Items from a dataset:
○ ○ ○ ○ ○ ○ ○

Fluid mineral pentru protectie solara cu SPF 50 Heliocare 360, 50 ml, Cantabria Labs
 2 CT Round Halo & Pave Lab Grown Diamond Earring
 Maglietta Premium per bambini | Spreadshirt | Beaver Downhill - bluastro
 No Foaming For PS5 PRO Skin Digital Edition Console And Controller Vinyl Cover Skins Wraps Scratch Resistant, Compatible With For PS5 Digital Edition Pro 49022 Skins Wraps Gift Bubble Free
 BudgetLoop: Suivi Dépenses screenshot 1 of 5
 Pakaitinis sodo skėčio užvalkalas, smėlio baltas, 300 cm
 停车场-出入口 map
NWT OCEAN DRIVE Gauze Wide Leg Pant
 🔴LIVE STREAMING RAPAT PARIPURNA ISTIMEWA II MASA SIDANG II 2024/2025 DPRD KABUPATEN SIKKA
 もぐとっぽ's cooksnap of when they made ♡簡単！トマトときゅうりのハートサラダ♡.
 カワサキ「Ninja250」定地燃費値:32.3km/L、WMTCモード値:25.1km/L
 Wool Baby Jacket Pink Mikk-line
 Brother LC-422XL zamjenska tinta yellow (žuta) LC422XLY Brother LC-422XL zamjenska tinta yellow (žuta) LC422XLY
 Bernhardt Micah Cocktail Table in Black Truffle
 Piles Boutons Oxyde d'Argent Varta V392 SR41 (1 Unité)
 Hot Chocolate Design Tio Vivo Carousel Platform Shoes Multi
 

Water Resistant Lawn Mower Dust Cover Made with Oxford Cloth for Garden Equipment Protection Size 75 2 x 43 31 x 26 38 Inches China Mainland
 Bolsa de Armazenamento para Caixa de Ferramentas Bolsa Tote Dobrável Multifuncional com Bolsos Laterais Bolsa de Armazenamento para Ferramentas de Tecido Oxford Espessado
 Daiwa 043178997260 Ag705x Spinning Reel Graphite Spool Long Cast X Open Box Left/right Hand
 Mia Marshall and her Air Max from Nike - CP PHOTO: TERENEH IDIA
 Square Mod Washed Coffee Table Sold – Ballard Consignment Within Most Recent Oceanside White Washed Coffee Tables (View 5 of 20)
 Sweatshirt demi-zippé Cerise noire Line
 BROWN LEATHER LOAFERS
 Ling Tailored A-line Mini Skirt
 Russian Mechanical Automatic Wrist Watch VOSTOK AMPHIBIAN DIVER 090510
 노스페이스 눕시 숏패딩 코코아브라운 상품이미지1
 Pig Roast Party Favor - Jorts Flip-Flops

○ ○ ○ ○ ○ ○ ○

• **Task to carry out**: Show all lines from the data that contain "Cover".

• **Answer box**:
 No Foaming For PS5 PRO Skin Digital Edition Console And Controller Vinyl Cover Skins Wraps Scratch Resistant, Compatible With For PS5 Digital Edition Pro 49022 Skins Wraps Gift Bubble Free
Water Resistant Lawn Mower Dust Cover Made with Oxford Cloth for Garden Equipment Protection Size 75 2 x 43 31 x 26 38 Inches China Mainland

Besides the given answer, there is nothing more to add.